I hope you enjoy this recipe as much as we do! Be sure to let me know if you give it a try in the comments!
- 3 Tablespoons - Earth Balance Butter
- 1/2 - Medium Yellow Onion Finely Diced
- 3/8 cup - All Purpose Flour
- 4 Cups - Water
- 1 - Not Chik'n Bouillon Cube
- 1 Tablespoon - Soy Sauce
- 1 Tablespoon - Dried Thyme (I usually do 2-3 generous pinches with my fingers)
- 2 Tablespoons - Nutritional Yeast "Nooch" (optional)
- Finely dice 1/2 of a medium yellow onion.
- Heat up the earth balance butter in a 2qt pot on medium/low heat, and once its mostly melted add the butter.
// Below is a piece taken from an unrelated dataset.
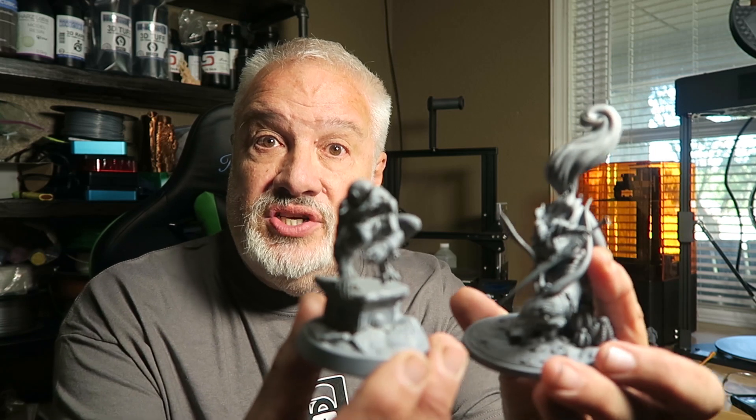Hey guys, every once in a while a budget resin 3D printer comes along that just really surprises the heck out of me. Check out the quality of these miniatures. I was completely blown away. So you want to learn a little bit more about this guy back here?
- While the onions are cooking, mince 2 cloves of garlic, once they are minced add them to the onions.
- Cook the onions and garlic until the onions begin to become translucent and soft. At that point add the AP Flour. Mix it in well with the butter and onion mixture and continue to cook on medium/low heat until the flour no longer smells raw (2-3 min). We are not trying to fry the flour or burn it, we just want the heat to take away the raw edge.
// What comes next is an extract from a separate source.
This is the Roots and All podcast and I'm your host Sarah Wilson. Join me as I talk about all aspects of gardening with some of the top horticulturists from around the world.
- Once the flour is done cooking, add the water, bouillon cube, soy sauce, dried thyme and nutritional yeast (if you are using it)
- Mix everything, bring it to a boil, and mix occasionally. Everything will begin to thicken as it heats up, cook until it reaches desired thickness.
- It's all ready! Serve warm =) Enjoy!!
- *This recipe make quite a bit of gravy, if you find that you end up with too much leftover, you can always half the recipe for next time. I usually like to have a lot more than I need so nobody feels like they need to take less, but thats just my own thing. You probably have enough for at least 10 people at the table with this recipe.
- *This recipe also reheats really nicely, just a bowl in the microwave is fine, or on the stove, either way it doesn't matter, I've tried both.
- *Even though the nutritional yeast is optional I would HIGHLY recommend it for the level of flavor it adds, not including all the good vitamins it also adds.
- *I have tried this recipe in the past with gluten free flour, it came out just as good, nobody noticed except our guests who had celiac because even they could enjoy it also! You may need to reduce the amount of flour though, I found I needed to add more water to the recipe with gluten free flour because it got too thick to fast.
- *Salt is not necessary in this recipe because it comes from the bouillon cube, vegan butter, and the soy sauce.
- *Real butter works just as well in the recipe, if you are only vegetarian and not vegan.